5. Tarihin Tasnifi (Sınıflandırılması)
a. Zamana Göre Tasnif: (Ortaçağ Tarihi, 9. Yüzyıl Tarihi gibi)
b. Mekana Göre Tasnif: (Türkiye Tarihi, Avrupa Tarihi, Ankara Tarihi gibi)
c. Konuya Göre Tasnif: (Tıp Tarihi, Sanat Tarihi, Hukuk Tarihi gibi)
Tarihin Sınıflandırılmasının Sebebi:
Öğrenmeyi, öğretmeyi, araştırmayı kolaylaştırmaktır.
6. Zaman ve Takvim
Takvim, zamanı günlere, aylara, yıllara bölme yöntemidir.
- İnsanlar zamanı ölçerken ölçü aracı olarak güneşi ve ayı kullanmışlardır.
- Güneşi kullananlar dünyanın güneş etrafında bir tam dönüşünü esas almışlardır (365 gün 6 saat).
- Bu şekilde güneşe göre oluşturulan takvimlere Güneş Takvimi diyoruz.
- Ayı kullananlar ise ayın dünya etrafında 12 kez dönmesini (12 x 29,5 =354) esas almışlardır.

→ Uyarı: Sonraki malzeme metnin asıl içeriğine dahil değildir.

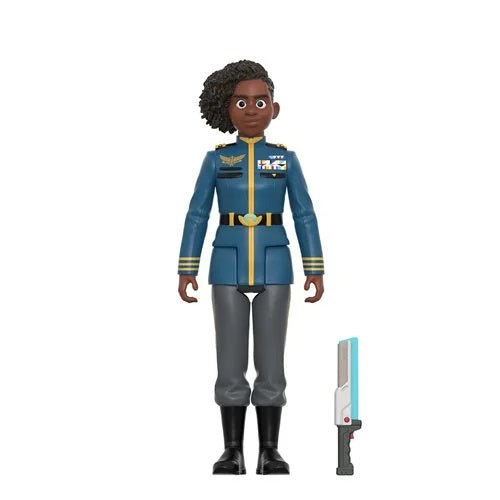 Super7 – Lightyear ReAction: Figura de acción de Alisha Hawthorne de 3,75 pulgadas (UPC: 840049821149)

Bu şekilde aya göre oluşturulan takvimlere Ay Takvimi diyoruz.
- Tarihte ilk güneş takvimini Mısırlılar, ilk ay takvimini de Sümerler kullanmışlardır.
- Her toplum kendi talwimini oluştururken kendileri için önemli saydıkları bir günü başlangıç olarak kullanmışlardır.
Örnek olarak;
- Romalılar, Roma'nın kuruluşunu,
- Müslümanlar, Hz. Muhammed'in hicretini,
- Hıristiyanlar, Hz. İsa'nın doğumunu takvimlerinin başlangıcı yapmışlardır.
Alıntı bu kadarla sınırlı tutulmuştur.